**Source information**.
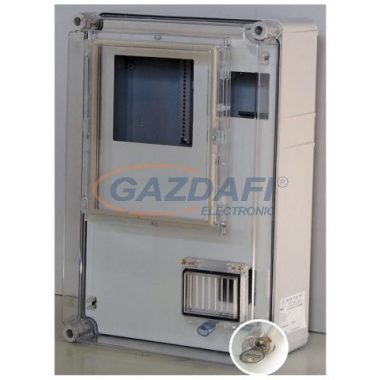 CSATÁRI PLAST PVT 3045 egyfázisú (H) tarifás fogyasztásmérő EM ablakkal, kulcsos zárral, 300x450x170mm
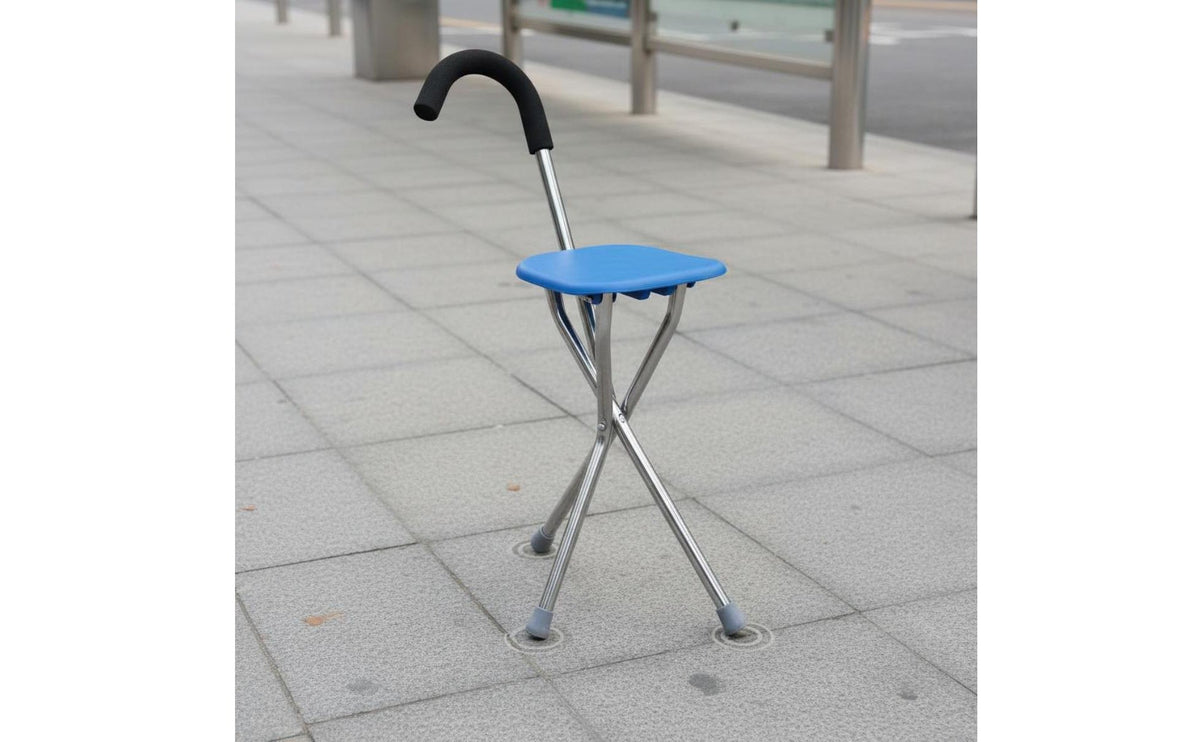 Anti-Slip Walking Cane with Seat Sturdy Construction Portable Cane Stool Heavy Duty Walking Stick Chair Comfortable Grip for Seniors, Elderly, Travel, Outdoor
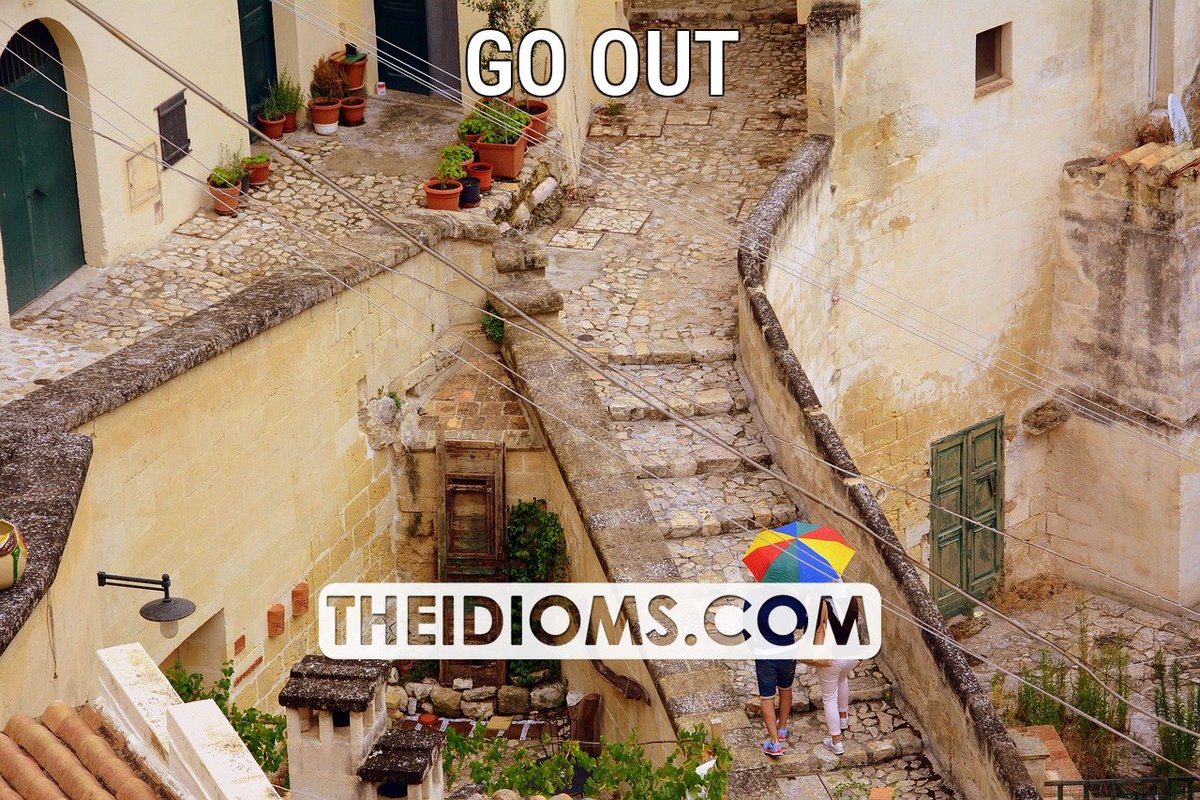 theidioms's tweet image. GO OUT: Meaning: to have a romantic and usually sexual relationship with someone.

Example: How long have you been going out with him?

 Read more: theidioms.com/go-out/

 #goout #idioms #englishidioms #idiomsandphrases #phrasalverbs #dailyenglish… dlvr.it/TQqRrJ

**What you have to do**.
Skipping the pictures, output the entries exactly as they appear above.

**Response below**.
 CSATÁRI PLAST PVT 3045 egyfázisú (H) tarifás fogyasztásmérő EM ablakkal, kulcsos zárral, 300x450x170mm
 Anti-Slip Walking Cane with Seat Sturdy Construction Portable Cane Stool Heavy Duty Walking Stick Chair Comfortable Grip for Seniors, Elderly, Travel, Outdoor
 theidioms's tweet image. GO OUT: Meaning: to have a romantic and usually sexual relationship with someone.

Example: How long have you been going out with him?

 Read more: theidioms.com/go-out/

 #goout #idioms #englishidioms #idiomsandphrases #phrasalverbs #dailyenglish… dlvr.it/TQqRrJ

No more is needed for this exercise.